Judy Davis directs husband Colin Friels in an Irish masterpiece about a travelling showman
National stereotypes almost always contain the germ of truth, and surely few national stereotypes are as enduring as the Irish gift of the gab. If storytelling were an Olympic sport, the Irish would take out the gold every time. Playwright Brian Friel understood the inherent musicality of the Irish brogue, but he employed it in a way that underscored the pain and heartbreak running just under the surface of the tall tale. He eschewed romanticism in favour of something sadder, something more deeply in touch with ruin and longing.
Faith Healer is about storytelling; the stories we tell other people and the ones we tell ourselves. Frank Hardy (Colin Friels) is the spiritual magician of the title, a travelling salesman of the soul. He positions himself and his talent between the extremes of genuine seer and outright conman, and the play never lets us settle on either interpretation.
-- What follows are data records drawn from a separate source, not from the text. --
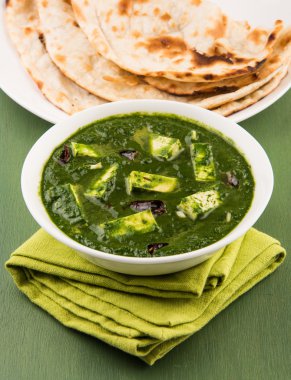 hint ekmek veya roti veya chapati veya naan ile palak paneer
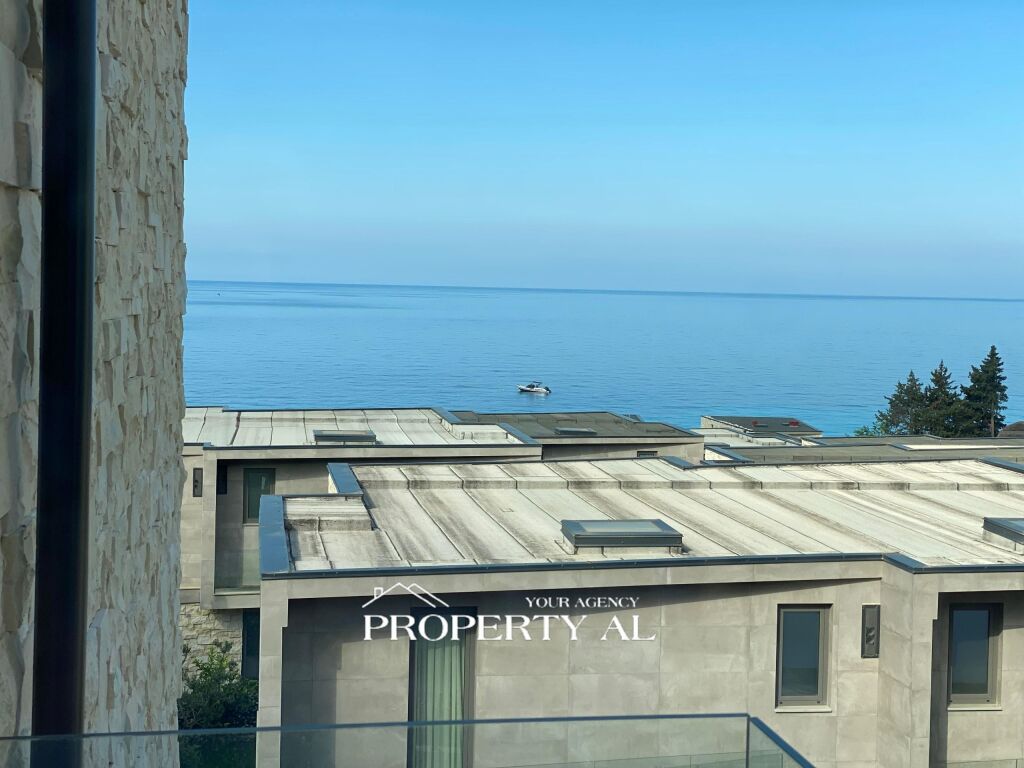 Vile ne shitje ne Dhermi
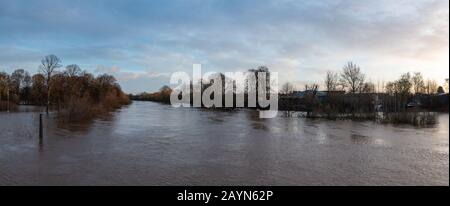 Météo au Royaume-Uni. Photo panoramique prise tôt le matin du pont Millennium à York montrant les deux côtés sous l'eau. Février 2020. Banque D'Images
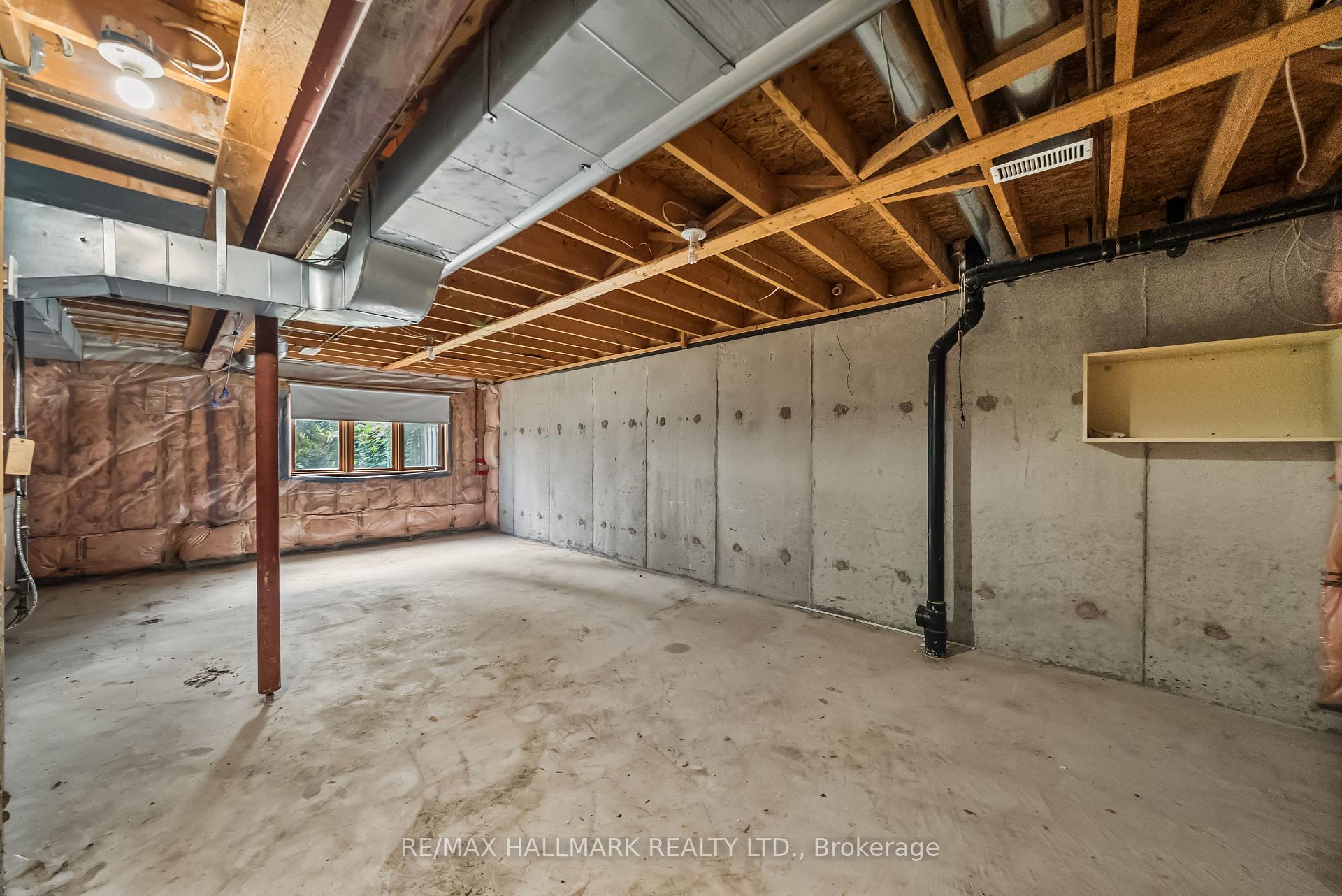 Photo 21 of 302 Pinnacle Trail, Aurora, Bayview Wellington — HOMEH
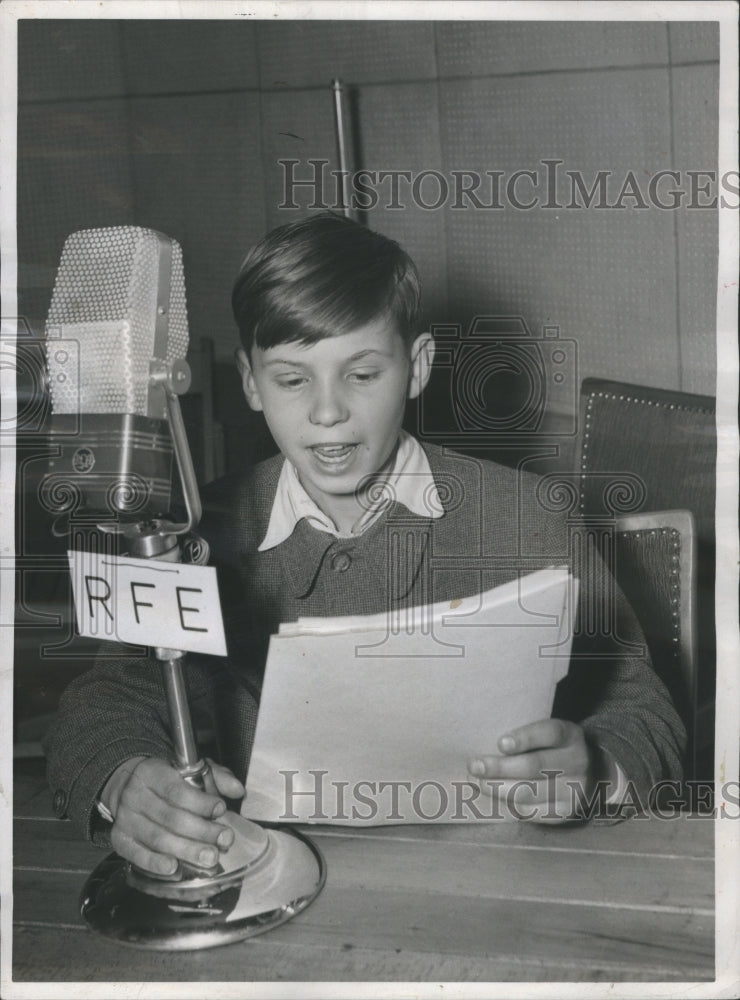 1957 Young exiles on the air Childern radio - Historic Images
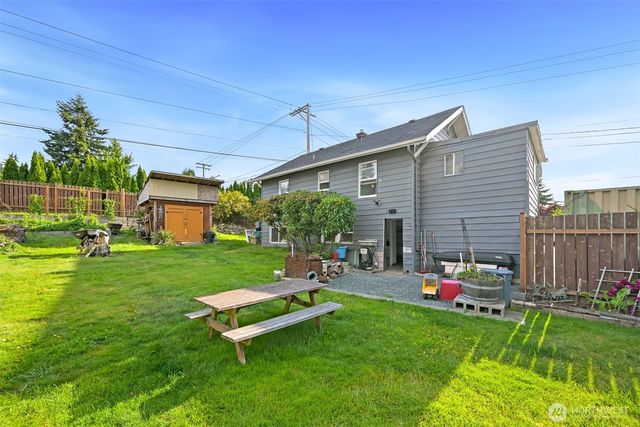 1501 Lakeway Dr., Bellingham, WA 98225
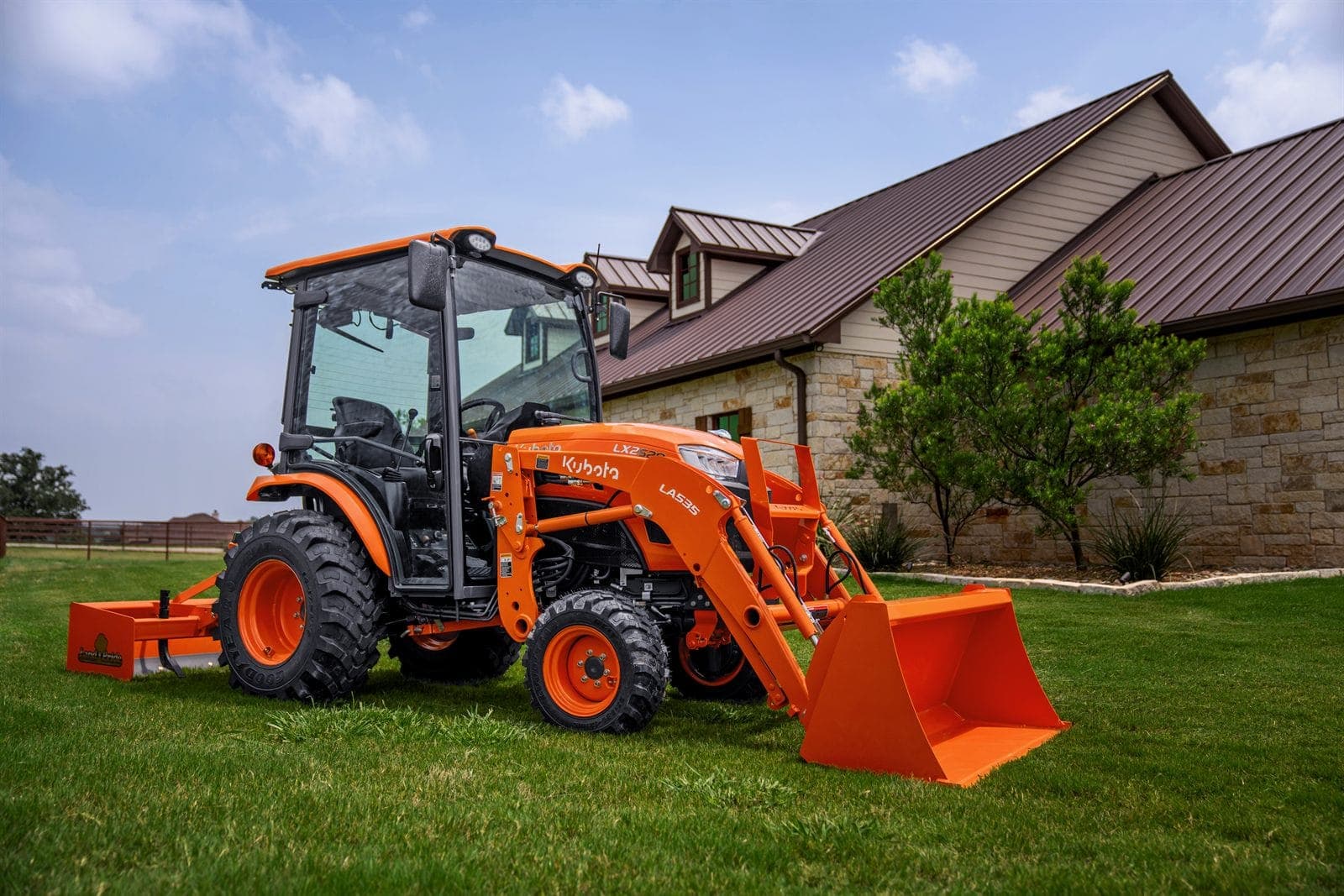 LX Series Kubota Tractors — photo 9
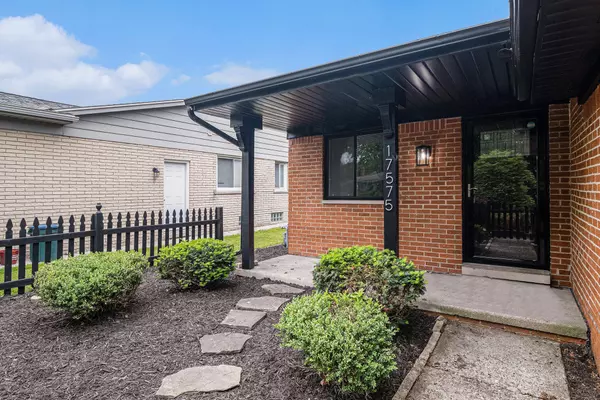 Lathrup Village, MI 48076,17575 Sunnybrook Avenue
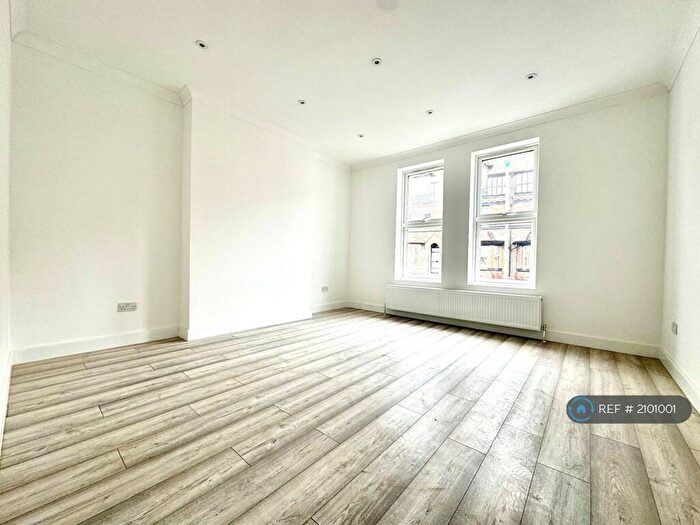 2 Bedroom Flat To Rent In Waylen Street, Reading, RG1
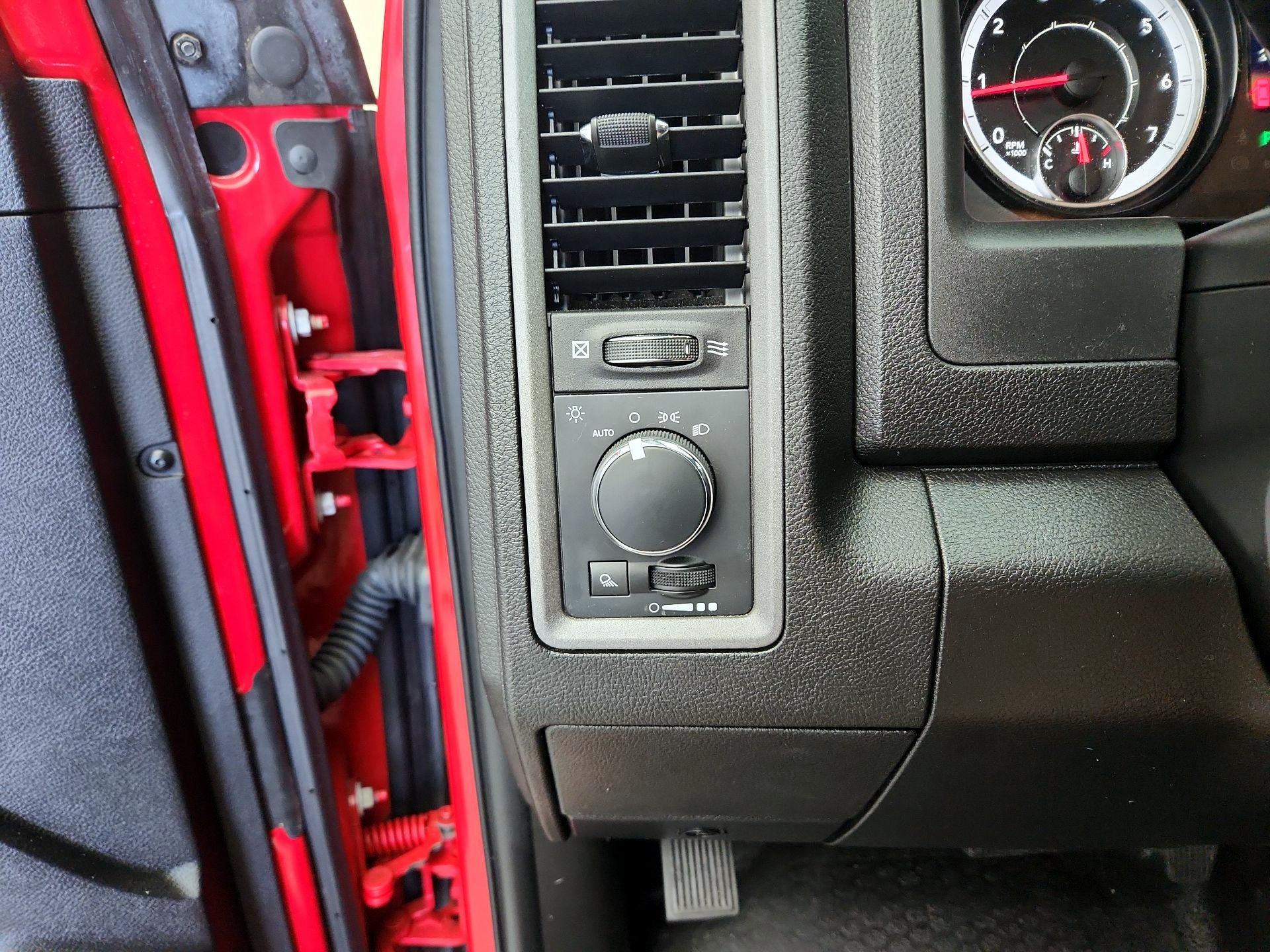 Thumbnail: 2023 RAM 1500 Classic - 13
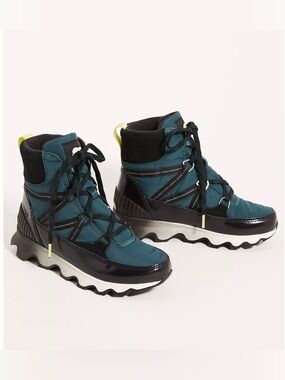 Sorel Kinetic Sport Weather Boots size 10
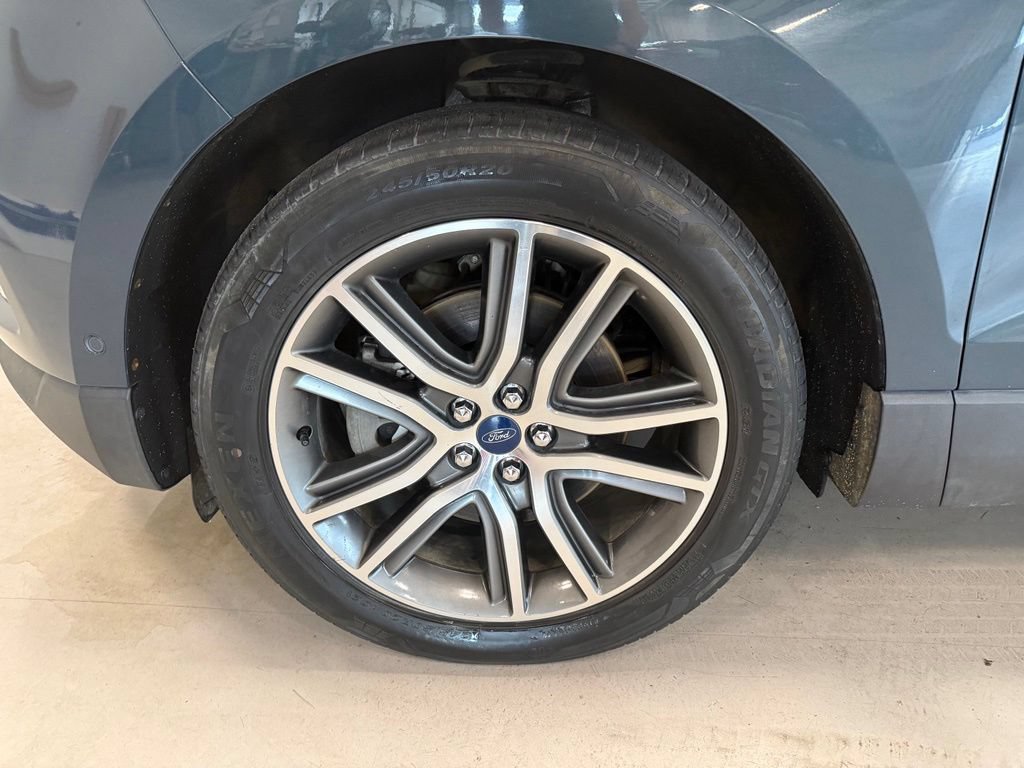 Used 2019 Ford Edge Titanium w/ Equipment Group 301A AWD/4WD image 36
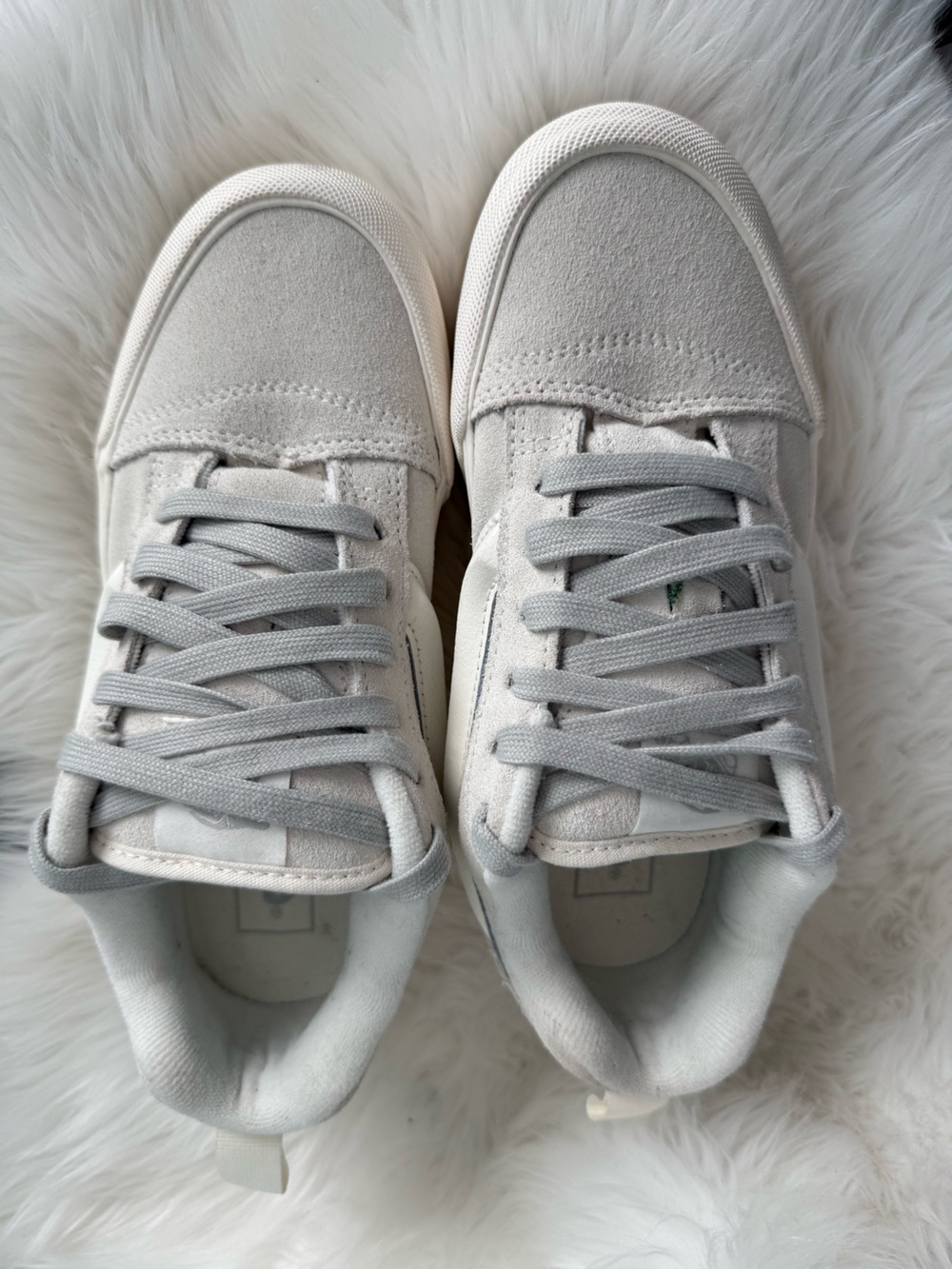 Vans Off The Wall Platform Sneakers Light Gray Suede White Women’s Size 7 EU 37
In fact, this idea of interpretation, of the ways in which individual truths can differ and still be true, lies at the heart of the piece.
Frank is the showman, but his wife – or is it mistress? – Grace (Alison Whyte) and manager Teddy (Paul Blackman) are the backbone and casual whipping posts of his talent and its falling off. Vehemently alcoholic, darkly suspicious and inconsistent, Frank drives through their lives like a careening lorry. It’s awful, but also enlightening; the sense that he enriches as well as obliterates is one of the great ambivalences in the text.
The play is technically made up of separate monologues, the actors never appearing together on stage, but the effect is quite different: Friel’s textual resonances, his subtle but unmistakable variations from account to account, build a palpable sensation of dialogue, an interconnectivity that simultaneously belies and enforces each character’s testimony. Are Grace and Frank husband and wife, as she and Teddy claim? Who exactly was responsible for the choice of ‘The Way You Look Tonight’ as a warm up song? More disturbingly, what exactly took place in that pub in Ballybeg and how does it relate to the miracle in a Welsh village years before? Time and place shift disconcertingly, uncannily, just as they do in real life.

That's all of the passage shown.